# Given data
* * * * * * * * *

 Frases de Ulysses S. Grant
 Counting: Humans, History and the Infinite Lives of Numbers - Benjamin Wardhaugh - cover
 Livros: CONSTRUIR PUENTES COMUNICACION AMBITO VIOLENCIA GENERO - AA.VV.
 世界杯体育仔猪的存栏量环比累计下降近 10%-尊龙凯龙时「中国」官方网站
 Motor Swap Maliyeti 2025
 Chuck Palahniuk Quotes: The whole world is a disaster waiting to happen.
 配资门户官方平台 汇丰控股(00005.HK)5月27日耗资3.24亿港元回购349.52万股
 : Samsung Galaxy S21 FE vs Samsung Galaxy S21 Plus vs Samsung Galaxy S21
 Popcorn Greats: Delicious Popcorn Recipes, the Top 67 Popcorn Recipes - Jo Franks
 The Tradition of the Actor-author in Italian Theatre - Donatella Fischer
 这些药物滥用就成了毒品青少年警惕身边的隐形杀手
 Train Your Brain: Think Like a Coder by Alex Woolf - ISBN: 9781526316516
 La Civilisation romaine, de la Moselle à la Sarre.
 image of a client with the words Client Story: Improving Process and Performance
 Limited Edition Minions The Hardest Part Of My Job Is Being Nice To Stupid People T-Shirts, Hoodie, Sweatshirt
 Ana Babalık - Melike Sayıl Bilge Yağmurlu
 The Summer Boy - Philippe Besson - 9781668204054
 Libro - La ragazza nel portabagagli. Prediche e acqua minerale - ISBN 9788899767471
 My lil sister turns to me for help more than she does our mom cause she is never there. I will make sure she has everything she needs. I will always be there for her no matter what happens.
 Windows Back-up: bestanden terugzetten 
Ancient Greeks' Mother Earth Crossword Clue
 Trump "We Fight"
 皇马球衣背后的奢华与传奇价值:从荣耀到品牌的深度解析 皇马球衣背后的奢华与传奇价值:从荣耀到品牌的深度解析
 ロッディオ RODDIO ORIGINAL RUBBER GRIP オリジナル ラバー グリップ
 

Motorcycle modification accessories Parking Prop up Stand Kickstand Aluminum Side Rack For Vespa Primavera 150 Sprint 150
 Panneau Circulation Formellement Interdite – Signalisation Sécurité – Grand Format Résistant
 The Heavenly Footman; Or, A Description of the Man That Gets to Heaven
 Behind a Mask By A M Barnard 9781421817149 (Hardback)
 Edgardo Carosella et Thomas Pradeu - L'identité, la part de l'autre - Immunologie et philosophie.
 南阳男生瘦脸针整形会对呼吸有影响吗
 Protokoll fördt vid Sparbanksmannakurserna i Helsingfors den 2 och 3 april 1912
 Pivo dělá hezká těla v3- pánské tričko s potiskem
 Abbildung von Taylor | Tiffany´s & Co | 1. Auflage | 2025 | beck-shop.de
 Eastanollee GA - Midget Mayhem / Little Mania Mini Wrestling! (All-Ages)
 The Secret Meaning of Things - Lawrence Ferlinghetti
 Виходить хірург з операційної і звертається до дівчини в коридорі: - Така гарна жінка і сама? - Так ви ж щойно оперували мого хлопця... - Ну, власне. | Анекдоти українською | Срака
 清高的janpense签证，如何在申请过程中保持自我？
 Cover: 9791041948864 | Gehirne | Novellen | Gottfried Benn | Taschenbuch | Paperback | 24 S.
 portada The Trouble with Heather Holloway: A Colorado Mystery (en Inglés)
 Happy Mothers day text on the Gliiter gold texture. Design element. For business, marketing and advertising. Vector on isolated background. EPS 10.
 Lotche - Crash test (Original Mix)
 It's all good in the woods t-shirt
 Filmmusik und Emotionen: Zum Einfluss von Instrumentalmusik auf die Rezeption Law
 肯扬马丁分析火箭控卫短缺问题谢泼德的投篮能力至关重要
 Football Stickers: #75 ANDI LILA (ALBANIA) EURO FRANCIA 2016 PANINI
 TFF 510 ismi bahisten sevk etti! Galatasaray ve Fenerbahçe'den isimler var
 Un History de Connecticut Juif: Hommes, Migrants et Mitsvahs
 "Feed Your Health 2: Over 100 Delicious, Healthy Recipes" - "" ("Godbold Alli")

* * * * * * * * *

# The problem
Check each line above for the word "with", then give only the number of lines that have it.

# Output for this task
2